Su pelo era angelical y su boca tierna seda. Nos envolvimos para atravesar del mundo normal al viaje a ninguna parte. Y volvimos cuando la noche había caído cargada de blancos chorros lunáticos. Lástima que todo aquello tenía un final fatal. Ella me gustaba, pero mi deber me obligaba a telefonear al inspector B cuando, para no despertar sospecha, dije que iba a buscar una botella de jerez que tenía bien guardada en mi particular despensa situada en la oficina de al lado. Todo aquello era una gran mentira. Tan falso como que el dinero estaba a buen recaudo en el maletero de mi coche, y ya era hora de entregarlo a su dueño legítimo.
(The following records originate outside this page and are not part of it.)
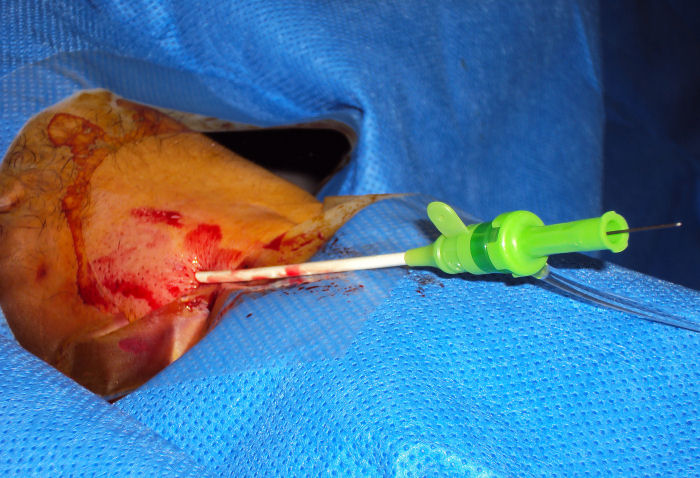 Sheath inserted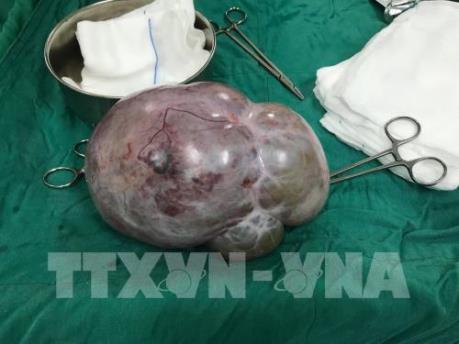 Cắt u buồng trứng nặng 6 kg cho một bệnh nhân nhiễm HIV  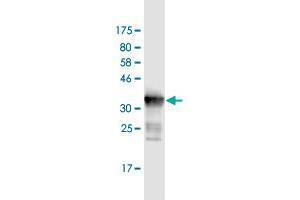 Western Blot detection against Immunogen (36. (DDX41 anticorps  (AA 523-622))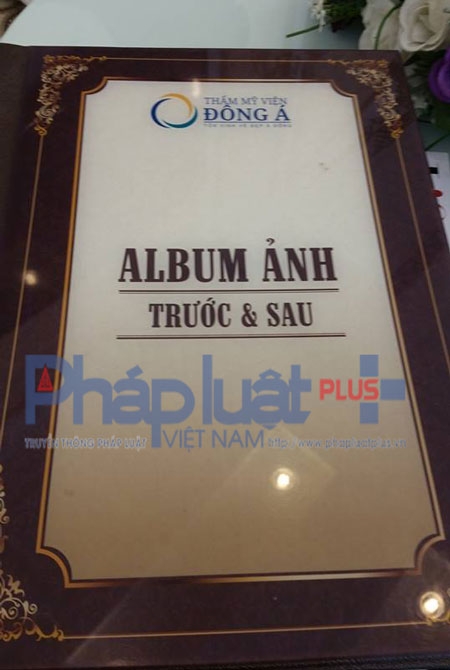 Album c&oacute; những h&igrave;nh ảnh phẫu thuật n&acirc;ng ngực, m&ocirc;ng, đ&ugrave;i, h&uacute;t mỡ bụng của Thẩm mỹ viện Đ&ocirc;ng &Aacute;.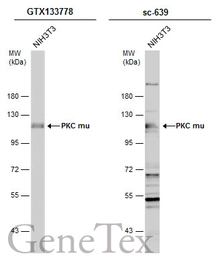 Anti-PKC mu antibody used in Western Blot (WB). GTX133778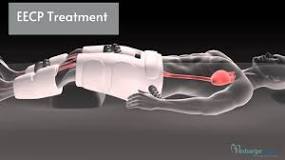 EECP Treatment Cost In India | EECP Therapy In India ...
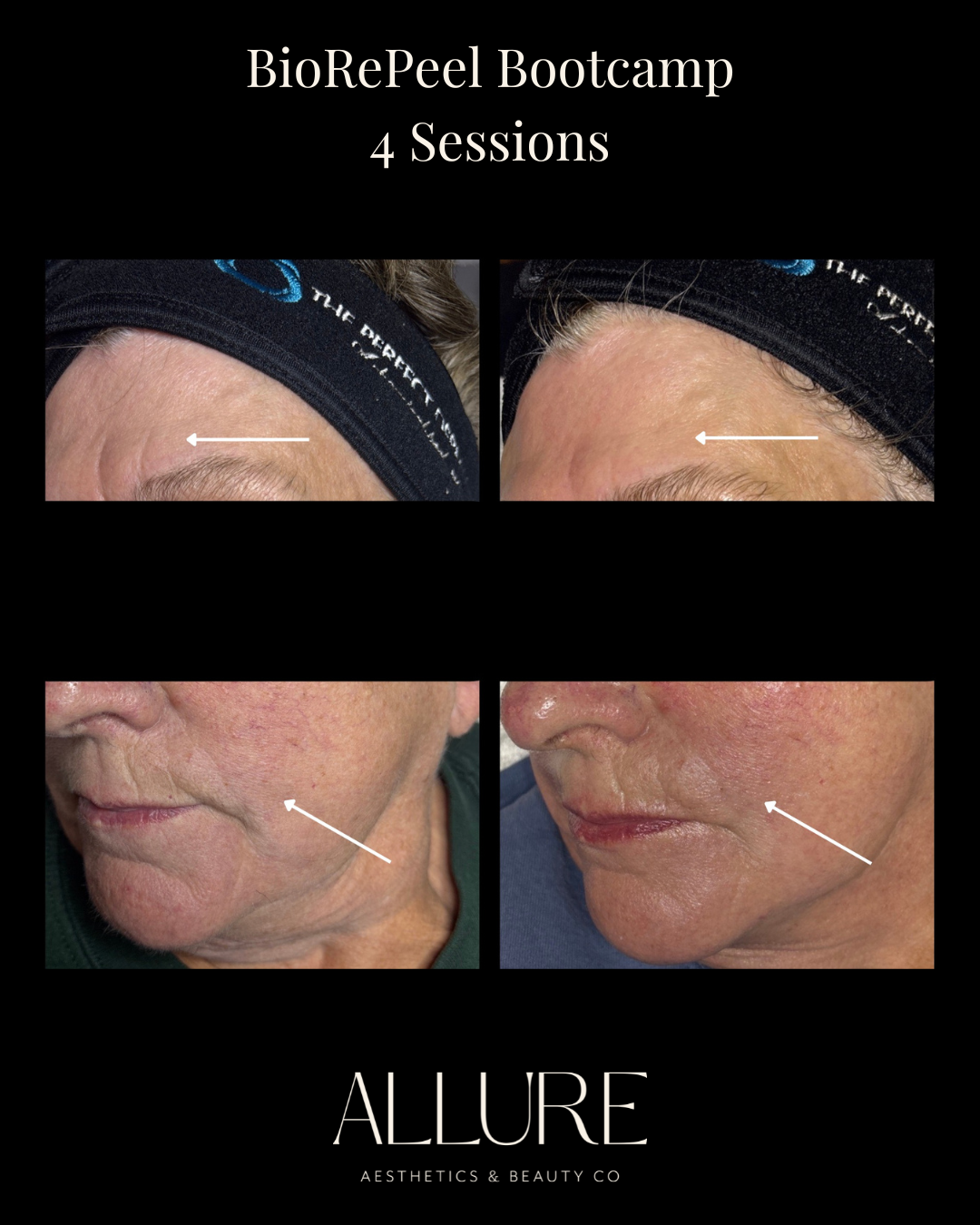 12 hours post BioTouch Precision Microneedling with SERA AK Mesotherapy Firming Serum - 4.PNG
Sabía que alguien tendría que venir a buscarlo tarde o temprano, a destapar el entramado. Mi chica cometió el fallo de creer que yo era el primer sorprendido cuando la policía comprobó que en la taquilla 135 no había nada más que papeles sueltos. Ni ella ni la banda del malévolo F sabían dónde se encontraban los billetes. Venían a tenderme una trampa para darme pasaporte. Picó el inspector al creer a unos delincuentes enmascarados, y después picaron ellos porque pudieron pensar que era la policía la que había dado el cambiazo y estaban callados como putas. Así que estaba seguro que abajo, en la calle, debía de tener un comité de recibimiento para ajustar viejas deudas bajo el imperativo de dos disparos a quemarropa. Mientras esperaba que llegara el inspector B, el olor de la comisura de su cuello me estaba volviendo loco. Fue una maldita putada comprobar cómo el sueño se desvanecía cuando, al fondo de la noche, se oyeron las sirenas de los coches patrulla.